Epic games decided they don’t want to pay 30% of every transaction to Google or Apple. They sued Apple already and lost. They’ve filed an appeal, so we will hear more on that soon ish. I’m not an epic fan at all, but 30% of all sales is ridiculous. Epic themselves take 12% on the epic store. Valve, Apple, Google—none of these companies should get a third of the sale price for everything sold through an app downloaded from there store. Not just the price of the app, but all app revenue. Every in app purchase. All of it.

The $25 registration fee is just for the account. That’s negligible considering Apple charges $100 a year.
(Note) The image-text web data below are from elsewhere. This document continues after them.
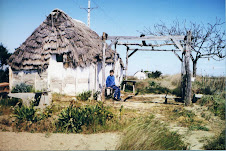 Barraca a la Tancada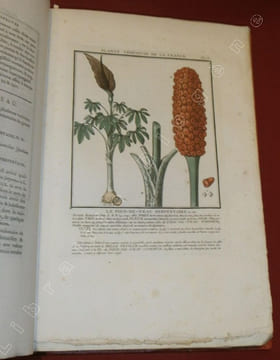 Herbier de la France, première division : Plantes vénéneuses du Royaume - Histoire des Plantes Médicinales - Herbier de la France, seconde division : ...
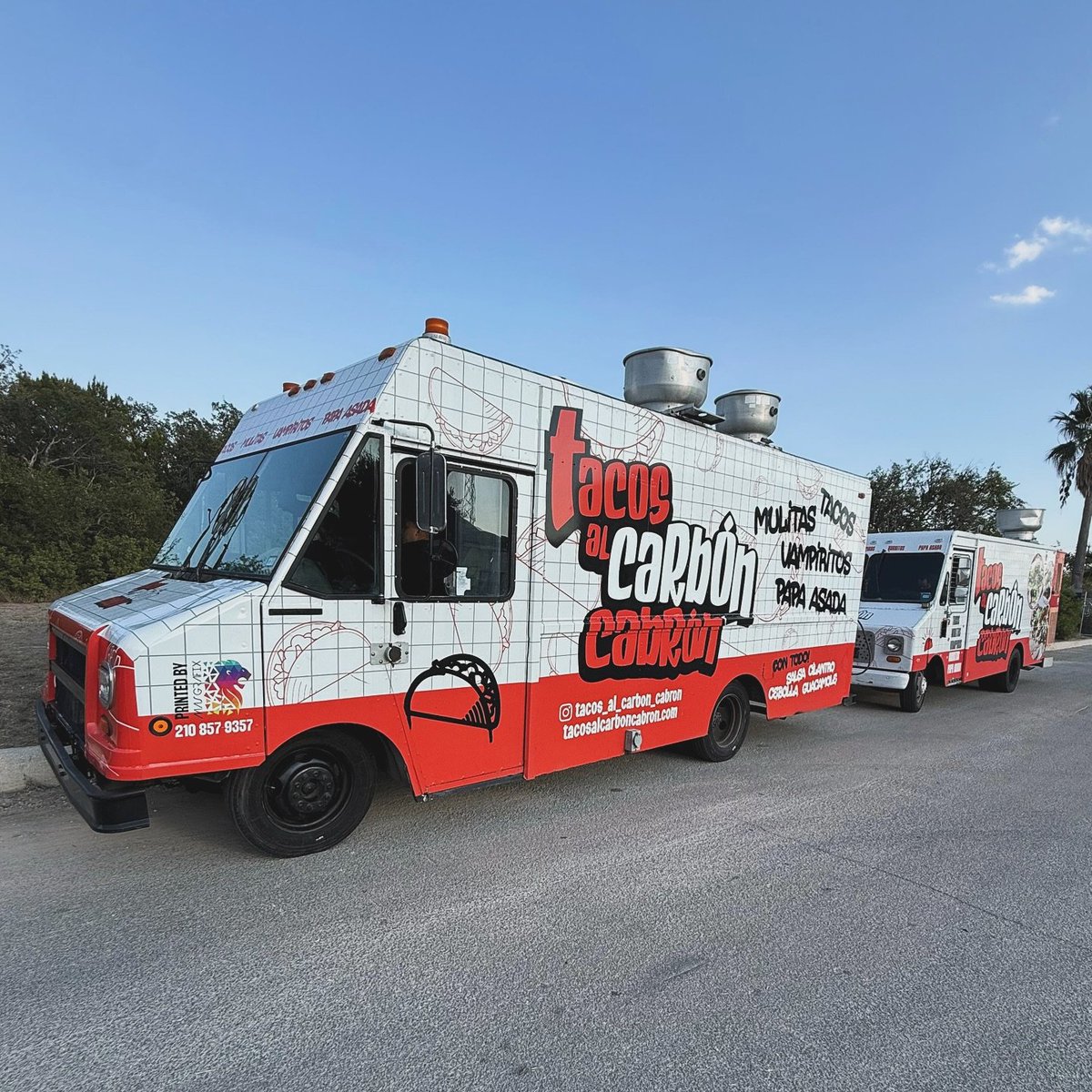 Viva Science SA tweet media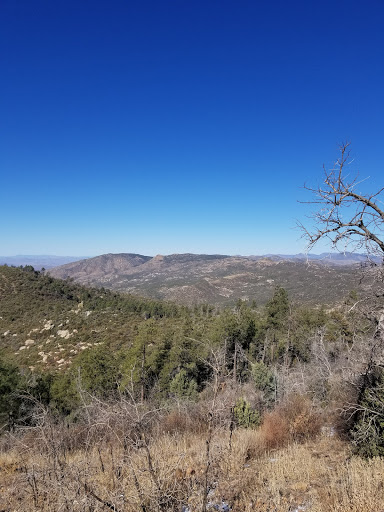 Movie Theater «Harkins Theatres Superstition Springs 25», reviews and photos, 6950 E Superstition Springs Blvd, Mesa, AZ 85209, USA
It’s the commission these companies take that epic is suing over.

[–] ryper@lemmy.ca 9 points 1 year ago (2 children)

The Epic Games Store isn't profitable so it may not be a good example for how fees should be set.

Also, Epic is trying to argue lower fees would benefit consumers but games generally aren't cheaper on Epic's store than on Steam.

[–] barsoap@lemm.ee 6 points 1 year ago

Yeah I mean they're handing out games for free left and right, their store sucks, their reputation sucks (both among gamers and most devs), of course they're not making a profit. Their 12% cut is only able to about cover costs because it doesn't include transaction fees and while I'd like Stream to lower their cut they're providing a fuckton of service for devs and the health of the wider ecosystem. I'd wish Gabe would finally figure out succession, though, e.g. make Valve a foundation, think Zeiss or Bosch, to make sure it stays bound to statutes instead of finance for eternity.

[–] DeadlineX@lemm.ee 4 points 1 year ago (1 children)

They aren’t cheaper in epic, but more money goes to the publishers and developers. It sucks when a game studio you like goes under.

I’d argue they aren’t profitable because of steam. Everybody uses steam, and most people will wait 6 months to get the epic exclusives after the exclusivity runs out.

[–] arc@lemm.ee 2 points 1 year ago* (last edited 1 year ago) (1 children)

They aren’t cheaper in epic, but more money goes to the publishers and developers. It sucks when a game studio you like goes under.

I’d argue they aren’t profitable because of steam. Everybody uses steam, and most people will wait 6 months to get the epic exclusives after the exclusivity runs out.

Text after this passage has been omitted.